Giter VIP home page Giter VIP logo

ofr's Introduction

COAT: Measuring Object Compositionality in Emergent Representations

The official code repository for "COAT: Measuring Object Compositionality in Emergent Representations"

Sirui Xie, Ari Morcos, Song-Chun Zhu, Ramakrishna Vedantam
Presented at ICML 2022.

[Paper] [Code] [Data]

teaser

Requirements

  • Python >= 3.8
  • PyTorch >= 1.7.1
  • Pytorch Lightning == 1.1.4
  • hydra-core == 1.2.0
  • tqdm
  • CUDA enabled computing device

Usage

This repository contains

  • The generation code for COAT testing corpus modified based on the CLEVR generation code
  • The generation code for Correlated CLEVR with colorful background based on the CLEVR generation code
  • Pytorch implementation of Slot Attention and beta-TC-VAE, modified based on repositories from Untitled-AI and AntixK respectively. The modification on Slot Attention mainly concerns the post-processing of deduplicating slots (controlled by dup_threshold) and removing invisible slots, i.e. slots with close-to-zero mask weight (controlled by rm_invisible).
  • The method validation_epoch_end in method.py for applying the COAT metric to slot-based representations and slot-free representations.

Data

The generated training and test data is available at here. You probably should change the following data paths in the configuration files in ./hydra_cfg/:

data_mix_idx: 1 # the index of data mixture, check data_mix.csv for details
data_mix_csv: /your_data_root/data_mix.csv # the file for different composition of the training set
data_root:  /your_data_root/clevr_corr/ # training data for both iid and correlated CLEVR with colorful background
val_root: /your_data_root/clevr_with_masks/ # evaluation data from original CLEVR for mask ARI metric
test_root: /your_data_root/coat_test/ # testing data for our COAT metric

In the training data we provide, data_mix.csv is a meta file for different composition of training sets with different correlations. Set data_mix_idx=1,2,3,4,5 for i.i.d. dataset; set data_mix_idx=13,14,15,16,17 for the correlated dataset in our paper.

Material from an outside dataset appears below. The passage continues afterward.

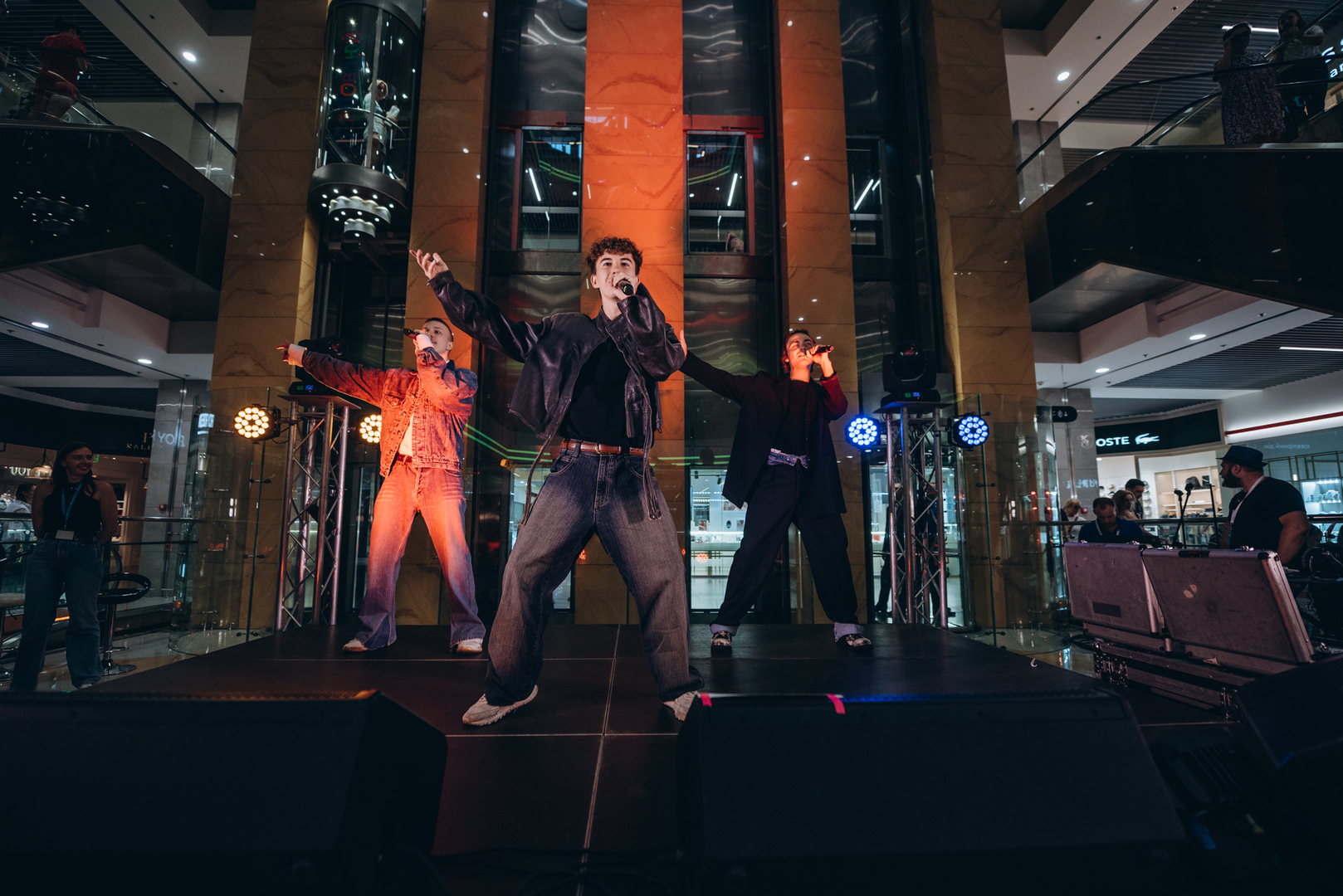 Концерт &quot;До школи знов&quot; image-44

To generate the test or the training data, check ./coat_generation/.

Our COAT measure can be expanded to domains other than CLEVR, the Dataset class CLEVRAlgebraTestset in data.py is reusable. It takes a list of tuples of images as input test_cases: List[List[Optional[str]]]. In train_hydra.py, such a list is loaded from /test_root/obj_test_final/CLEVR_test_cases_hard.csv, which is contained in our released data, with the following code:

if os.path.exists(os.path.join(cfg.test_root, "obj_test_final", "CLEVR_test_cases_hard.csv")):
    with open(os.path.join(cfg.test_root, "obj_test_final", "CLEVR_test_cases_hard.csv"), "r") as f:
        csv_reader = reader(f)
        self.obj_algebra_test_cases = list(csv_reader)
else:
    self.obj_algebra_test_cases = None
    print(os.path.join(cfg.test_root, "obj_test_final", "CLEVR_test_cases_hard.csv")+" does not exist.")

Training

Configuration files for models and training can be found in ./hydra_cfg/, and should be linked to hydra_train.py with

@hydra.main(config_path='hydra_cfg', config_name='cfg_file') 
""" 'cfg_file' can be either of 
    - 'bvae' for beta-tc-vae
    - 'slot-attn' for original slot attention model
    - 'slot-attn-no-dup' for slot attention model with duplicated slots removed
    - 'slot-attn-no-dup-no-inv' for slot attention model with duplicated slots and invisible slots removed. 
    
    Details of different post process on the representations can be found in the paper. 
"""

To train models from scratch with epoch-wise COAT test, run

python hydra_train.py

Logging

We use wandb to output logging. Logs should contain COAT metrics and test visualization.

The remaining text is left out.